I fatti risalgono alla notte tra il 26 e 27 agosto scorsi, quando la vittima si era rivolta al condannato per un acquisto di stupefacenti. La violenza, stando alle indagini, è avvenuta a casa dell’uomo. L’accusa aveva chiesto una condanna a 8 anni.
Polizia penitenziaria, Tribunale
Cronaca

Un uomo è stato condannato a 6 anni di reclusione per violenza sessuale aggravata. La sentenza è arrivata, dal Gup Davide Paladino, al termine del processo tenutosi nella mattinata di oggi, mercoledì 26 gennaio, con rito abbreviato. L’accusa, rappresentata dal pm Manlio D’Ambrosi, aveva sollecitato al giudice una condanna a 8 anni di carcere. L’imputato si trova nel carcere di Brissogne da quando era stato arrestato, all’indomani dei fatti.

L’episodio per cui è finito in cella risale alla notte tra il 26 e 27 agosto scorsi. Nella ricostruzione degli inquirenti, la vittima si era rivolta all’imputato perché interessata ad acquistare dello stupefacente. Lui aveva risposto di averne e di poterlo vendere, ma non richiede alla donna un corrispettivo in denaro, bensì dei favori sessuali. Lei nega di esservi disposta, rimettendo in campo la volontà di pagare.

La trattativa tra i due procede, stando all’inchiesta, chiudendosi su una somma. Forte di quel convincimento, la donna si presenta nuovamente dall’imputato nelle ore seguenti. Lui, nella contestazione mossegli, con un sotterfugio la fa entrare, le offre della cocaina, poi tenta approcci decisamente spinti. Lei prova a scappare, ma le viene impedito in modo violento. Quindi l’abuso, dopo il quale riesce a fuggire, incontrando fuori dall’abitazione una persona cui chiede aiuto.

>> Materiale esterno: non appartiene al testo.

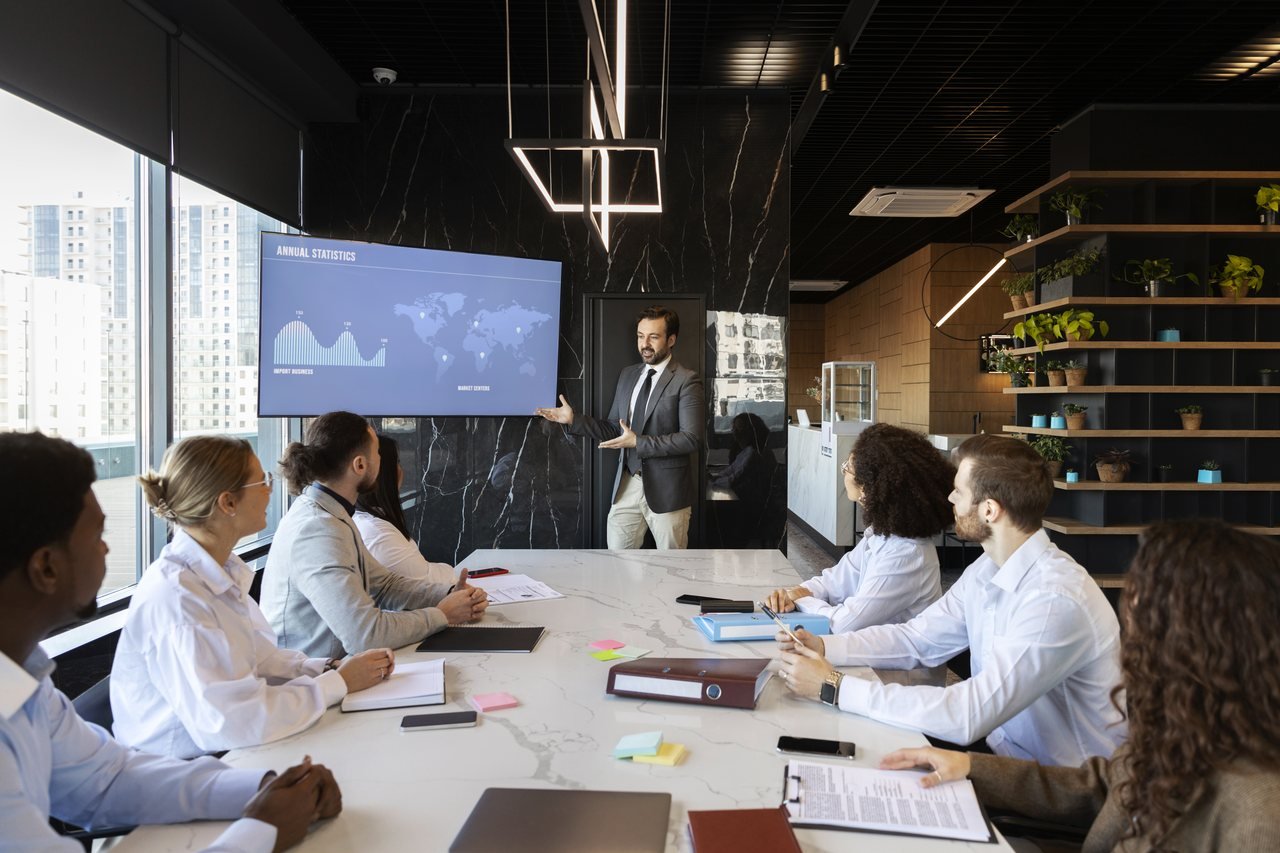Reunião de equipe em sala corporativa com apresentação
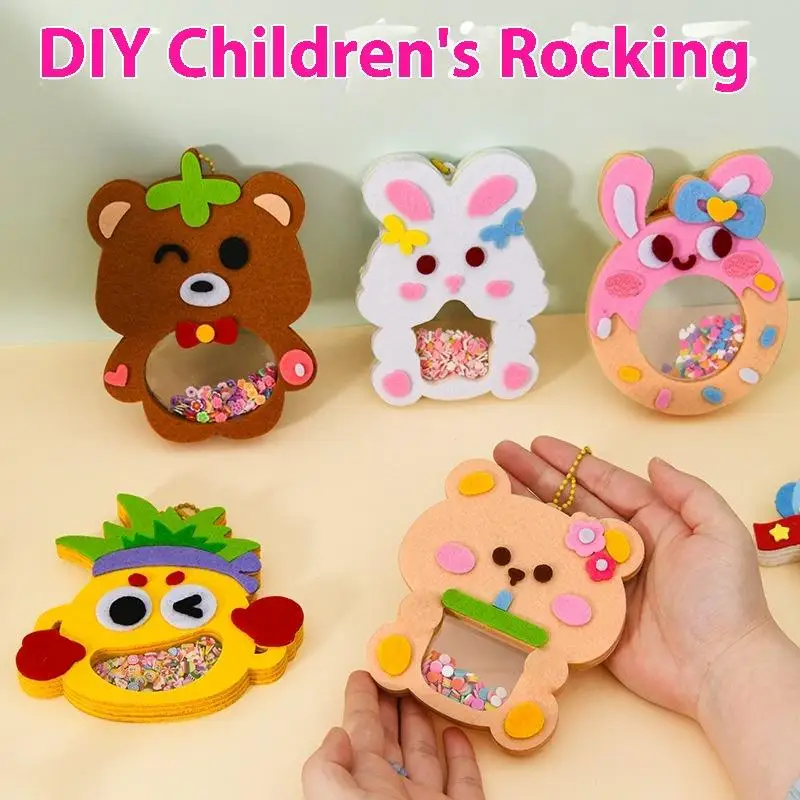 

Little Kids Cartoon Shake Pendant Toy 1 Set, Shaker Puzzle DIY Material Kits Easy to Paste, Non-Woven Handmade Accessories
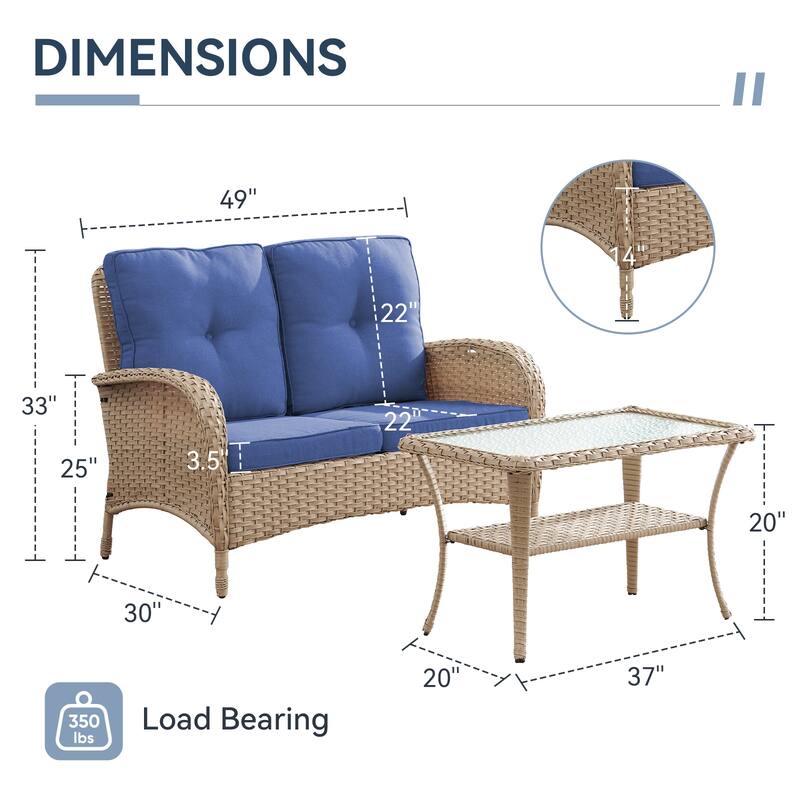 Gymojoy Outdoor Wicker Loveseat with Coffee Table and Outdoor Cushions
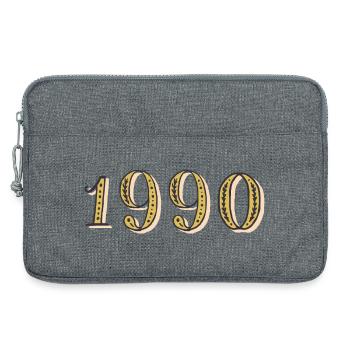 Cadeau d’anniversaire 1990 Vintage 1990  - Sacoche pour ordinateur portable 13 pouces - gris chiné - Devant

Scattano così le indagini, che alla luce dei primi riscontri culminano nell’arresto dell’uomo, avvenuto il 28 agosto. Ritenendo di aver raggiunto l’evidenza della prova, la Procura chiede il giudizio immediato. La difesa dell’arrestato, assistito dall’avvocato Liala Todde, opta per l’abbreviato (che consente lo “sconto” di un terzo della pena prevista). La vittima si è costituita parte civile nel procedimento con l’avvocato Manuela Ghillino. Nel sentenziare, il giudice ha disposto, a favore della persona offesa, una provvisionale di 20mila euro.